11. The President and the Prime Minister expressed their conviction that a mutually satisfactory solution of the question of the return of the administrative rights over Okinawa to Japan, which is the last of the major issues between the two countries arising from the Second World War, would further strengthen United States-Japan relations, which are based on friendship and mutual trust and would make a major contribution to the peace and security of the Far East.

12. In their discussion of economic matters, the President and the Prime Minister noted the marked growth in economic relations between the two countries. They also acknowledged that the leading positions which their countries occupy in the world economy impose important responsibilities on each for the maintenance and strengthening of the international trade and monetary system, especially in the light of the current large imbalances in trade and payments. In this regard, the President stressed his determination to bring inflation in the United States under control. He also reaffirmed the commitment of the United States to the principle of promoting freer trade. The Prime Minister indicated the intention of the Japanese Government to accelerate rapidly the reduction of Japan's trade and capital restrictions. Specifically, he stated the intention of the Japanese Government to remove Japan's residual import quota restrictions over a broad range of products by the end of 1971, and to make maximum efforts to accelerate the liberalization of the remaining items. He added that the Japanese Government intends to make periodic reviews of its liberalization program with a view to implementing trade liberalization at a more accelerated pace than hitherto. The President and the Prime Minister agreed that their respective actions would further solidify the foundation of overall United States-Japan relations.

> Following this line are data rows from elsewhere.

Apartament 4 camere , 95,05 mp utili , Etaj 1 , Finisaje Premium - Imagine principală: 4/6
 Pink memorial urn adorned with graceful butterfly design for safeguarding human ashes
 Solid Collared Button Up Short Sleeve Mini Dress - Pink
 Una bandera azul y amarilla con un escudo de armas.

13. The President and the Prime Minister agreed that attention to the economic needs of the developing countries was essential to the development of international peace and stability. The Prime Minister stated the intention of the Japanese Government to expand and improve its aid programs in Asia commensurate with the economic growth of Japan. The President welcomed this statement and confirmed that the United States would continue to contribute to the economic development of Asia. The President and the Prime Minister recognized that there would be major requirements for the post-war rehabilitation of Viet-Nam and elsewhere in Southeast Asia. The Prime Minister stated the intention of the Japanese Government to make a substantial contribution to this end. 14. The Prime Minister congratulated the President on the successful moon landing of Apollo XII, and expressed the hope for a safe journey back to earth for the astronauts. The President and the Prime Minister agreed that the exploration of space offers great opportunities for expanding cooperation in peaceful scientific projects among all nations. In this connection, the Prime Minister noted with pleasure that the United States and Japan last summer had concluded an agreement on space cooperation. The President and the Prime Minister agreed that implementation of this unique program is of importance to both countries.

15. The President and the Prime Minister dis-cussed prospects for the promotion of arms control and the slowing down of the arms race. The President outlined his government's efforts to initiate the strategic arms limitations talks with the Soviet Union that have recently started in Helsinki. The Prime Minister expressed his government's strong hope for the success of these talks. The Prime Minister pointed out his country's strong and traditional interest in effective disarmament measures with a view to achieving general and complete disarmament under strict and effective international control.